To do: There are pictures in the records below; leave them out and set down exactly the lines from the one holding "Next, we will" through the one holding "Hey guys, this".

Provided data:
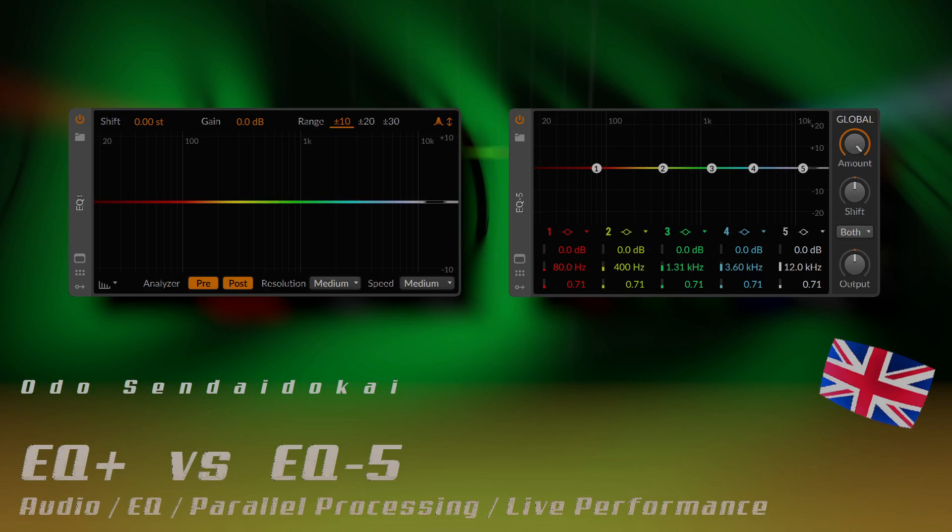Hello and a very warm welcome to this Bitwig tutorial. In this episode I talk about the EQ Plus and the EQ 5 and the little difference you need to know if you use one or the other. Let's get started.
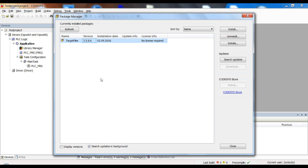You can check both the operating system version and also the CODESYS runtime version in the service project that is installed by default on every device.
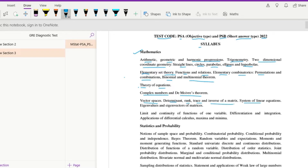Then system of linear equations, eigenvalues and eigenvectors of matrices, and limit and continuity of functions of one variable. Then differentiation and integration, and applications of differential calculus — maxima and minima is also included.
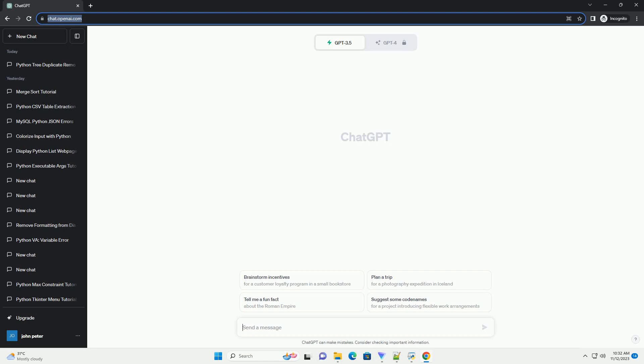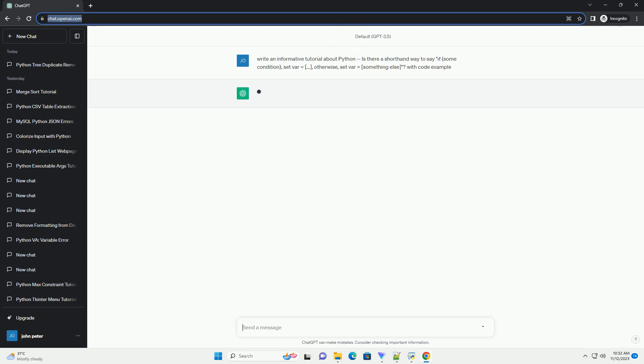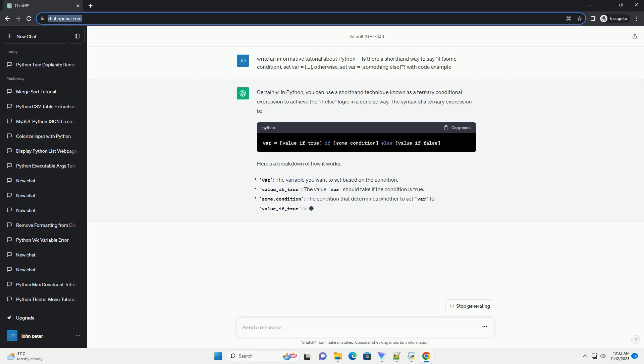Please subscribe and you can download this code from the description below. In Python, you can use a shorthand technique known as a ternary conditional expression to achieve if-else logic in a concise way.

--

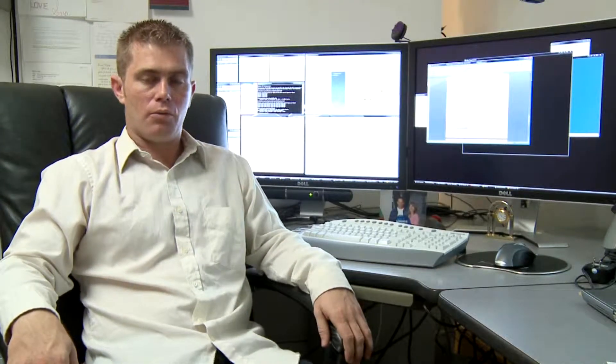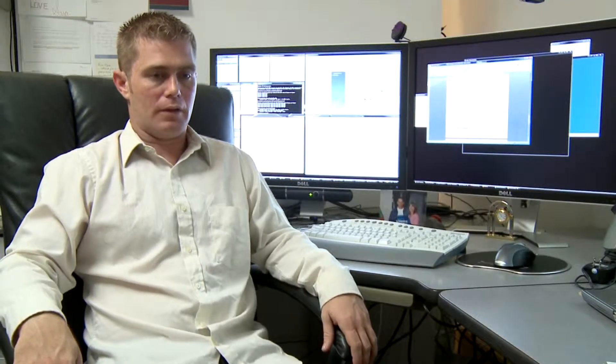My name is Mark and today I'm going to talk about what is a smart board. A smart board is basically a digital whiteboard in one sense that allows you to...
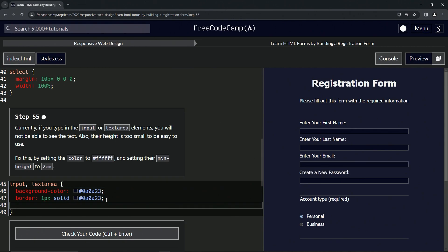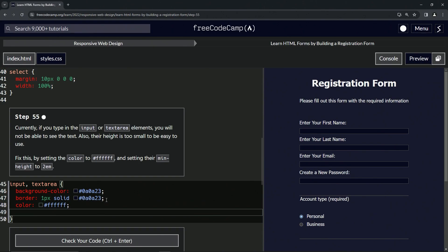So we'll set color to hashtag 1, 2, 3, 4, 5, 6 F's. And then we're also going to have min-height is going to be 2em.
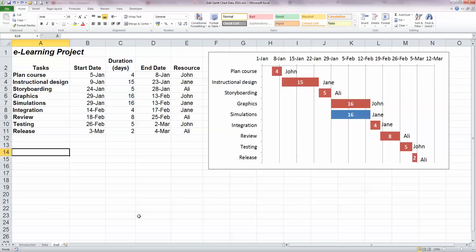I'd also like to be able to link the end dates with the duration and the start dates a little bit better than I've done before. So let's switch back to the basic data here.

* * *

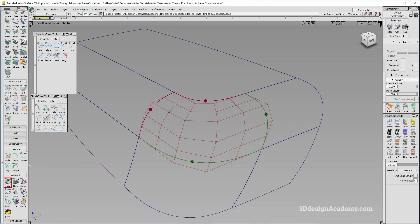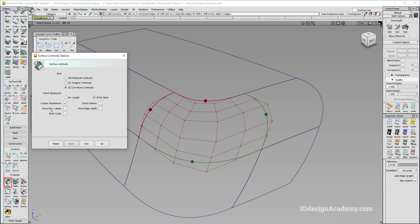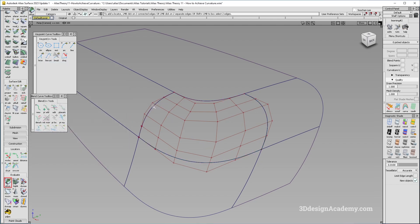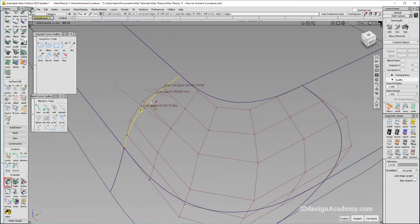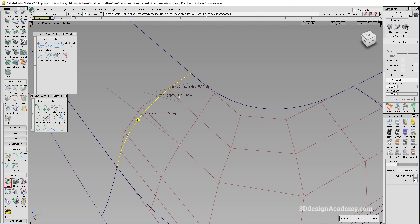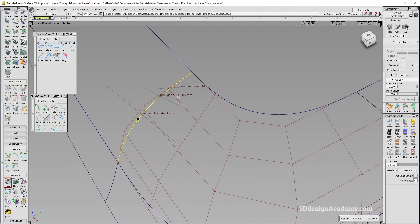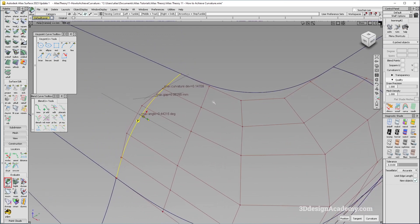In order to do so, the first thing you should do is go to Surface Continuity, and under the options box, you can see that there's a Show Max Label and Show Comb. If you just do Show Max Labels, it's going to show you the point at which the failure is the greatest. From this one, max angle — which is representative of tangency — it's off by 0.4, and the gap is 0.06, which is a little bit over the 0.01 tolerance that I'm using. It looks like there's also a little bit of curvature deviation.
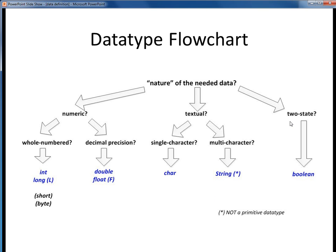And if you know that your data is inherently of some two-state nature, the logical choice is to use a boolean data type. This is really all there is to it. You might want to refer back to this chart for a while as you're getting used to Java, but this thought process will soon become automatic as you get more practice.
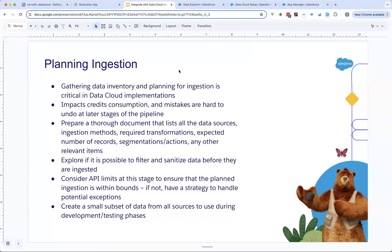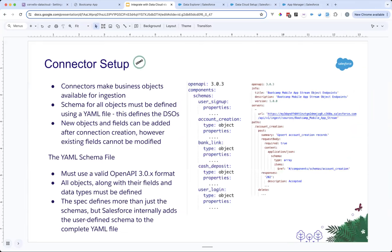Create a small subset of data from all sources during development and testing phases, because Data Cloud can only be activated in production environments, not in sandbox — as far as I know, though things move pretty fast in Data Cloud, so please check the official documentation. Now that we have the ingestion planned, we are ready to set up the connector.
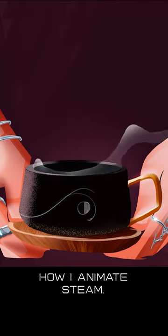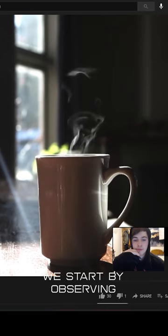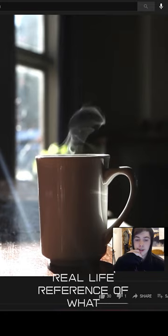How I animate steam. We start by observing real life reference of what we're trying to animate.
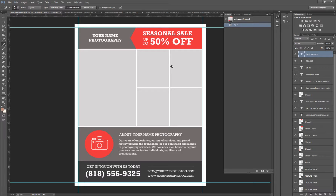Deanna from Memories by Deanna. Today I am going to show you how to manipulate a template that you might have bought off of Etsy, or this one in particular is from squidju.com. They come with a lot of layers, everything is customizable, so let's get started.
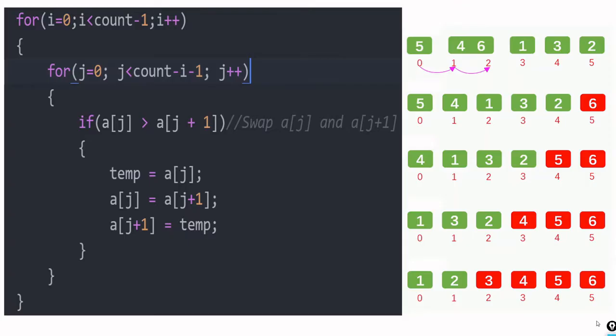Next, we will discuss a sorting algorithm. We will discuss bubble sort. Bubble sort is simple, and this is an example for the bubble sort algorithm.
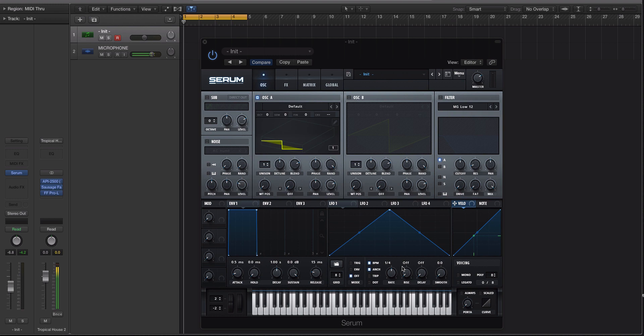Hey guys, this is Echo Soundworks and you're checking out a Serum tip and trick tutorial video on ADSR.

Output for this task:
Next, we will discuss a sorting algorithm. We will discuss bubble sort. Bubble sort is simple, and this is an example for the bubble sort algorithm.
Hey guys, this is Echo Soundworks and you're checking out a Serum tip and trick tutorial video on ADSR.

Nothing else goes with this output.